7. Intensifier la communication sur les prix des produits de première nécessité. Il est question d’informer régulièrement la population sur les prix pratiqués ; prendre des dispositions pour une application effective des mesures de diminution d’imposition par les services déconcentrés de l’État concernés.
8. Faciliter l’approvisionnement des marchés locaux en produits de première nécessité, car très souvent, l’augmentation des prix est due à la difficulté d’approvisionner les marchés. Cette difficulté d’approvisionnement engendre des coûts supplémentaires qui sont ensuite répercutés sur le prix de vente.
9. À moyen et long termes, il faut subventionner les intrants agricoles et d’autres matériels contribuant à l’amélioration de la production agricole afin de booster la production locale ; maintenir le niveau de subvention actuel de l’essence et du gasoil. Le Tchad est l’un des pays qui subventionne le plus ces deux produits sur le continent.
10. Créer une réserve d’engrais agricole pour anticiper toute augmentation prochaine du prix et augmenter la subvention aux producteurs locaux de 30 %.
11. Prendre des dispositions nécessaires pour la baisse du prix des produits halieutiques. Insister sur le prix du poisson car son prix pèse dans le panier de la ménagère. Pour s’assurer de la baisse effective de son prix sur le marché, il faut prendre les dispositions nécessaires afin de diminuer efficacement tous les coûts liés à la pêche et au transport jusqu’aux différents points de vente ; suspendre ou réduire de moitié les coûts liés à la pêche et au transport.
12. L’État doit permettre aux fonctionnaires d’avoir des avances sur salaire à taux nul. Pour cela, il faut entreprendre des démarches auprès des banques locales afin de mettre en place une stratégie visant à garantir la transparence et la fiabilité du mécanisme des avances sur salaire à taux nul. Le coût de cette mesure sera supporté par l’État. Cette mesure ne doit durer que trois mois et doit être rigoureusement encadrée afin d’éviter toute situation de passager clandestin.
13. Instauration du principe de l’information préalable et de concertation, avant toute augmentation de prix des denrées. Les opérateurs économiques doivent impérativement informer l’État (le Ministère du Commerce) de toute initiative d’augmentation du prix. Veiller à ce que toute augmentation du prix des produits de première nécessité se fasse en concertation entre le gouvernement, les acteurs sociaux et les opérateurs économiques.
14. Mettre en place un mécanisme transparent qui doit contribuer à garantir la sécurité de l’approvisionnement des produits de base, améliorer la fluidité logistique sur l’axe Douala-N’Djamena ; Cotonou-N’Djamena et Maiduguri-N’Djaména.
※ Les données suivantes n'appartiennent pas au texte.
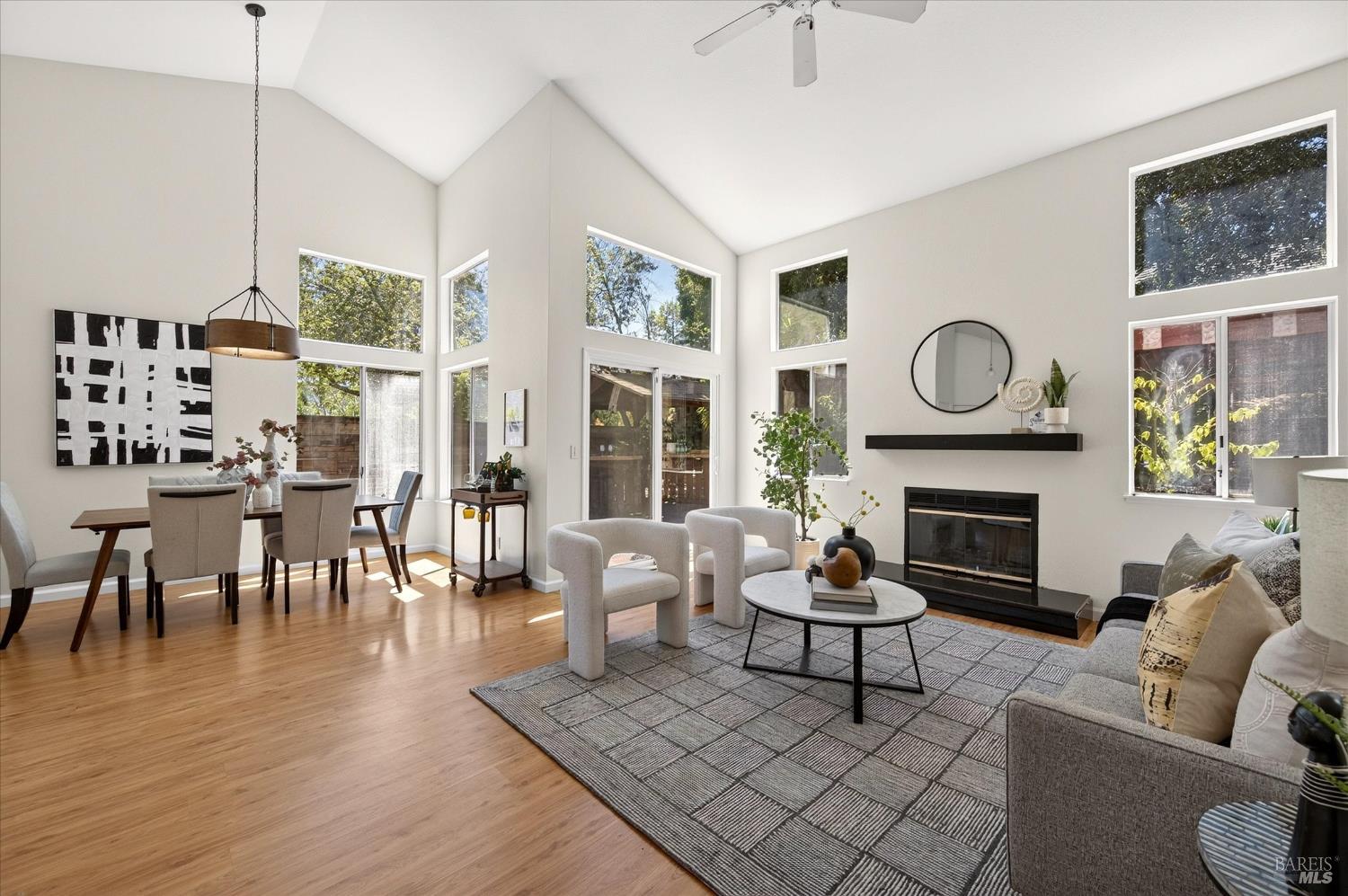 577 Phelps Court Benicia CA 94510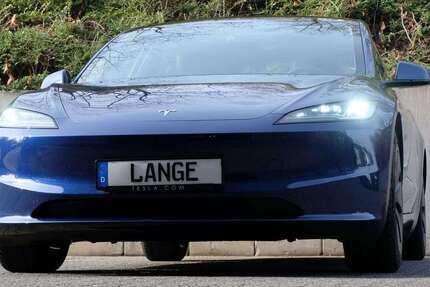 Tesla Model 3 32.475 km 32.980 &euro; Köln 50996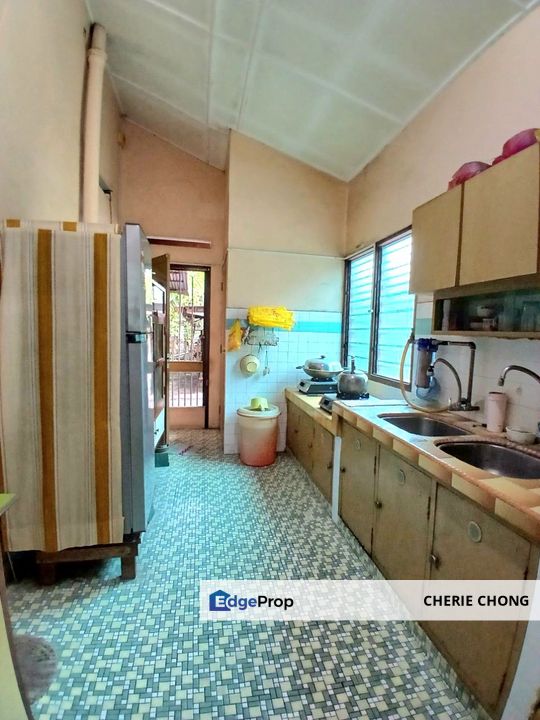 Taman Buntong Jaya Single Storey Bungalow Backyard With 30 Feet Extra Land , Perak, Ipoh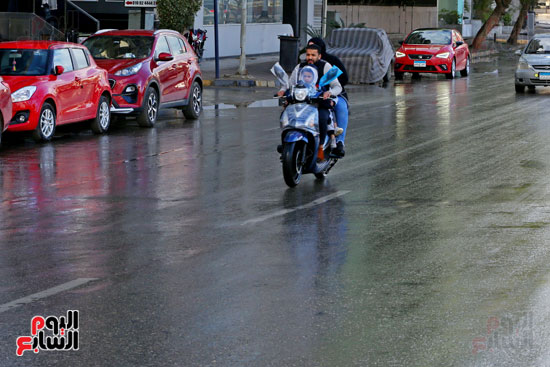 أمطار متفاوتة الشدة تضرب القاهرة والجيزة (2)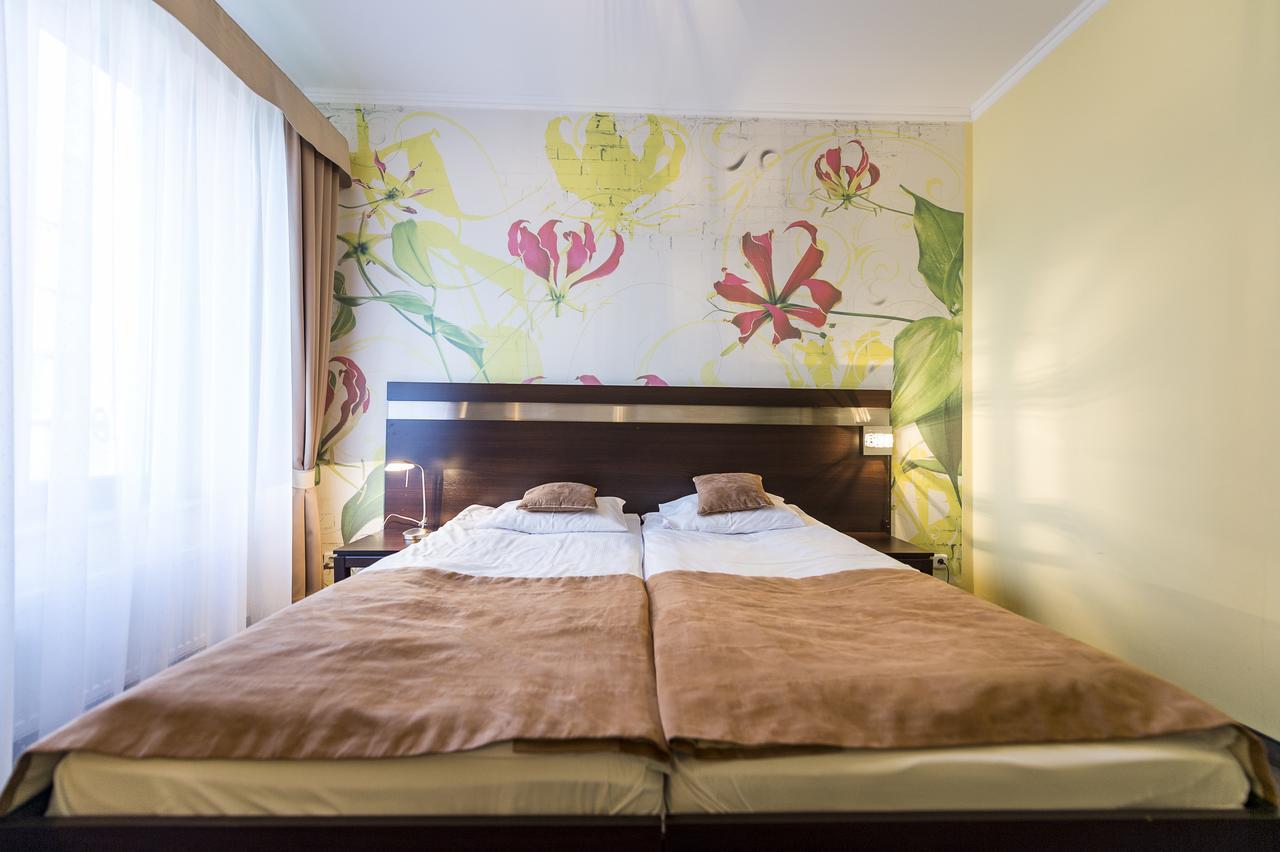 לובאן Hotel Restauracja Teczowa מראה חיצוני תמונה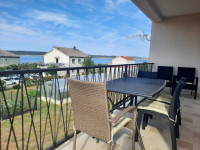 EKSKLUZIVNI APARTMAN S POGLEDOM NA MORE-LJUBAČ, 170 M OD PLAŽE!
Démanteler toutes les barrières ou barrages routiers illégaux, car très souvent, ce sont des points d’arnaques d’opérateurs économiques. Ces derniers répercutent cette charge supplémentaire sur le prix de vente, donc sur le consommateur.
15. Sur le plan institutionnel, il faut mettre en place une coordination des actions de lutte contre la vie chère. Cette coordination peut, par exemple, être sous l’égide de la Primature. Elle pourrait avoir comme membre : Les représentants du Ministère du Commerce, les conseillers du Président de la République et du Premier Ministre chargé du Commerce et de l’économie, les opérateurs économiques, les FDS et la société civile.
La mise en place effective de ces mesures entraînera une baisse des recettes de l’État. Pour compenser cette baisse, il faut élargir l’assiette fiscale dans le secteur de la télécommunication, le domaine, le cadastre ; prendre des dispositions pour réduire au maximum les exonérations fiscales. Pour cela, il faut viser les bénéficiaires des exonérations qui ne respectent pas leurs cahiers de charges avec l’État.